Alex Ponte-Capellan, one of the organizers with City Life/Vida Urbana, says his organization has received over 2,000 calls in the past few months from residents seeking help with a possible eviction. Organizers have been connecting callers with legal assistance and financial assistance through RAFT, the fund for homeowners and families to which the governor’s Eviction Diversion Initiative just allocated an additional $100 million.
“Right now, the reason why people are calling is because people have lost their jobs and can’t afford rent,” Ponte-Capellan said in an interview after last week’s State House demonstration.
The group marched from Boston Housing Court around the corner to the State House, taping signs to the sidewalk that read “Connect the dots,” to highlight the cause-and-effect of the state’s inaction.
“We started a new database where we’re recording all of the new cases that we’ve gotten, and we’re following up on a lot of those cases. But the vast majority of those cases are still waiting to hear back from RAFT,” said Ponte-Capellan.
Though many have been calling for an extension to the eviction moratorium up to this point, Ponte-Capellan is more focused on the direct assistance promised by the proposed Housing Stability Act that advocates have been pushing for since June.
“The moratorium isn’t the solution. It’s just holding back the waters, like a levee,” he said.
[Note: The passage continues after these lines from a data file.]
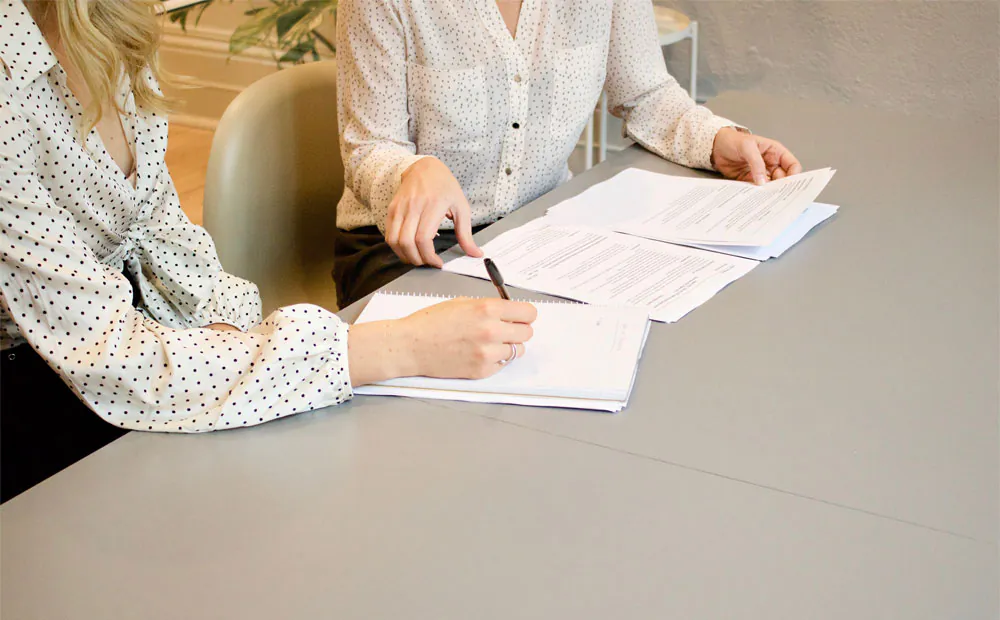 2 women doing documentation - quality of interaction observation sheets page new alzheimer's drug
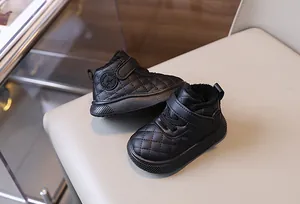 Detalle de botas de nieve acolchadas negras para niños pequeños con forro cálido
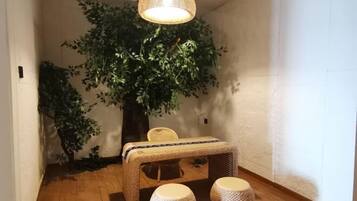 Una habitación con piso de madera, una pequeña mesa con mantel tejido, dos taburetes redondos, una silla de mimbre y un árbol artificial grande.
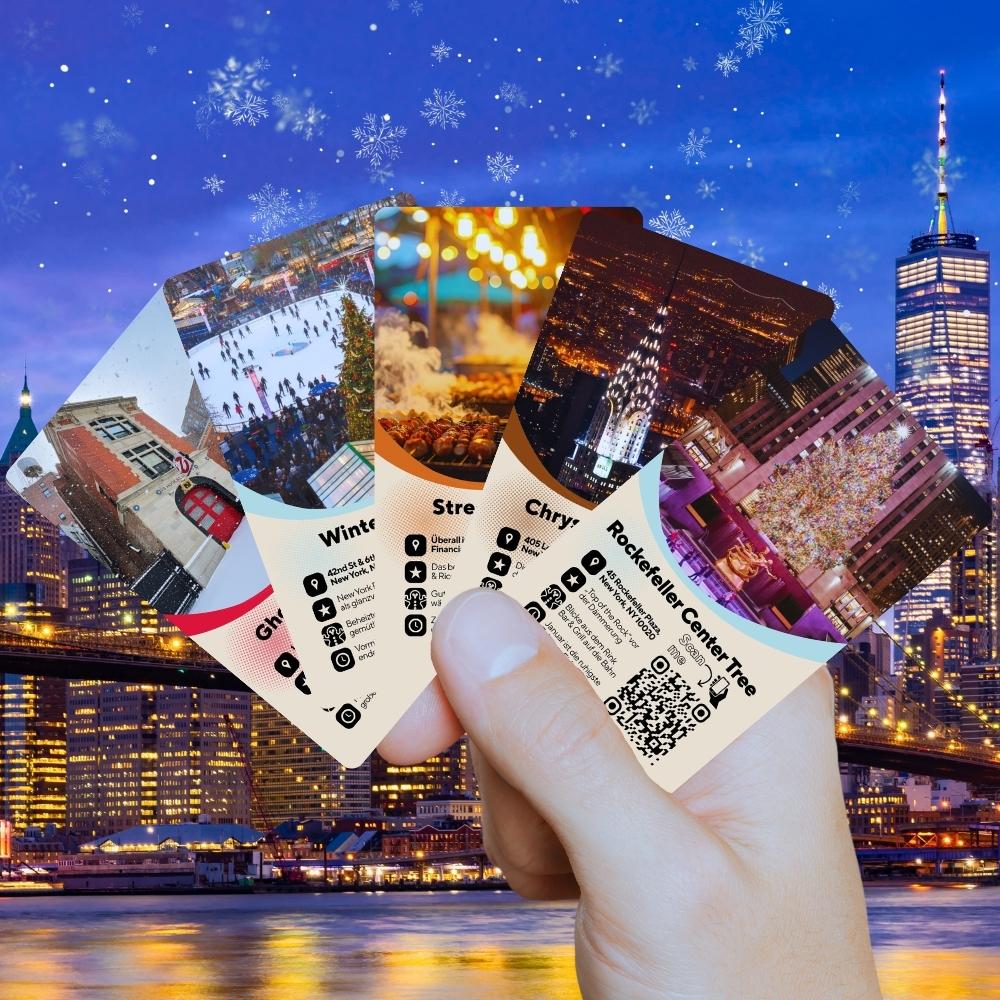 Entdeckerkarten „New York im Winterzauber“ fächerweise in der Hand vor winterlicher NYC-Skyline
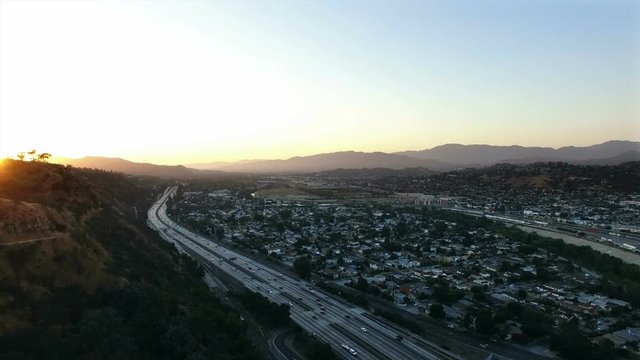 Aerial over the 5 freeway in Los Angeles at sunset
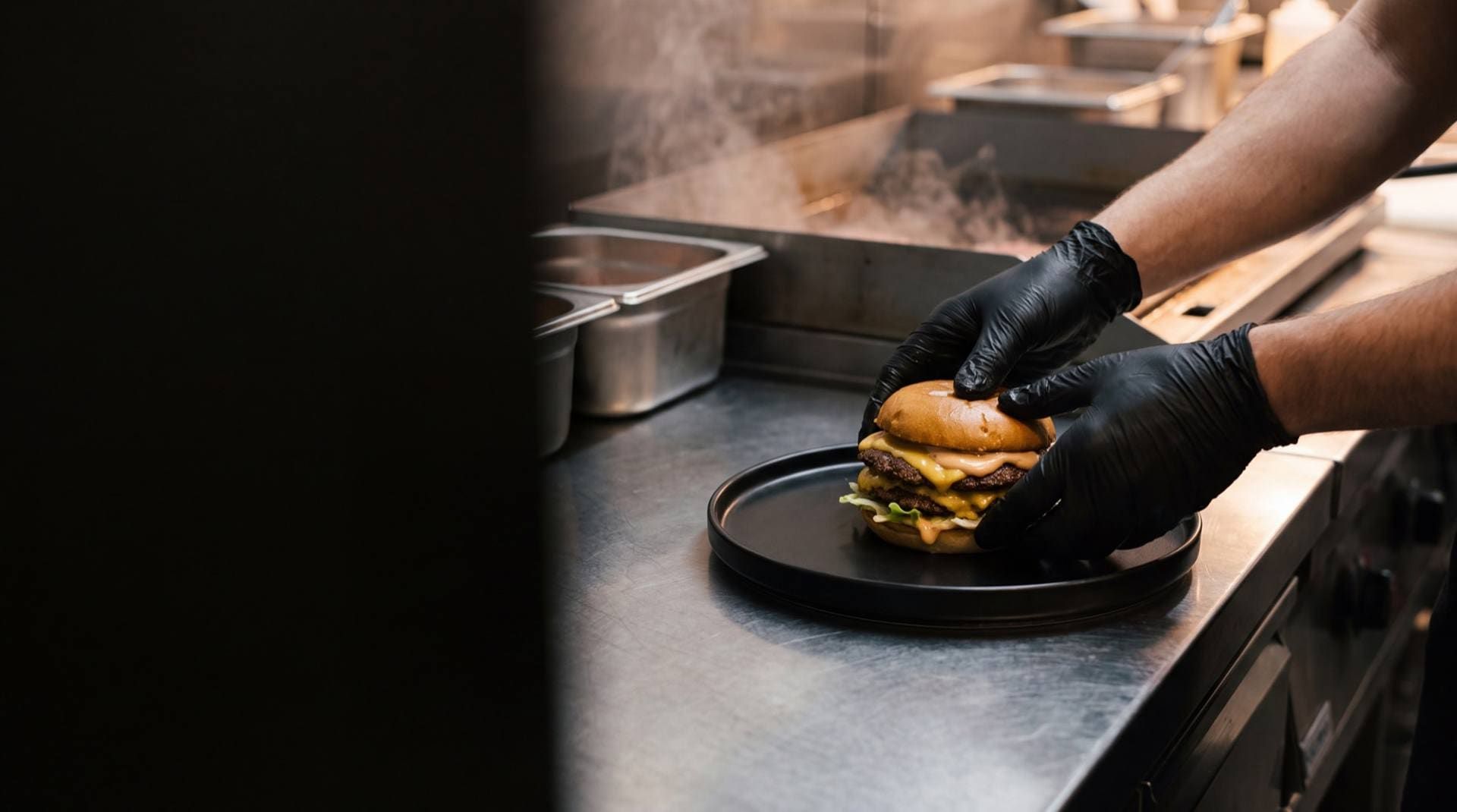 Kuhar slaže smash burger na tanjur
Giving renters more time to come up with an agreement with their landlord, and landlords more money to make mortgage payments, he said, is the most comprehensive solution.
On Wednesday, Oct. 14, City Life/Vida Urbana, Homes for All Massachusetts, Right to the City Boston and more marched from Red Rock Park in Lynn to the governor’s house in Swampscott, demanding he sign a pledge to pass the Housing Stability Act. According to Right to the City organizer Andres del Castillo, state troopers at the governor’s home would not allow demonstrators to leave the document there.
“It’s essentially a surrender on his part, to the future of Massachusetts tenants and homeowners, because he’s saying, ‘There’s an eviction crisis coming, so let’s hire more judges. Let’s expand the eviction infrastructure,’” del Castillo said. This facet of the governor’s Eviction Diversion Initiative — adding judges to process the increased amount of eviction cases — is one of many pieces under scrutiny.
Connolly made a move the next day to extend the moratorium again, this time to give more time for the governor’s assistance to take hold. He told WBUR that he filed an emergency petition that would halt evictions until Jan. 1, 2021, but it was unsuccessful, since the House hasn’t had a formal session in two-and-a-half months.
While activists have been consistently calling, marching, and spreading the word about the wave of evictions, del Castillo also pointed out that there is a non-political fight on the horizon.
“Once the 17th hits, we need to also brace for what it’s going to look like on the ground,” he said. “We’re going to have to respond to the direct needs of our communities.”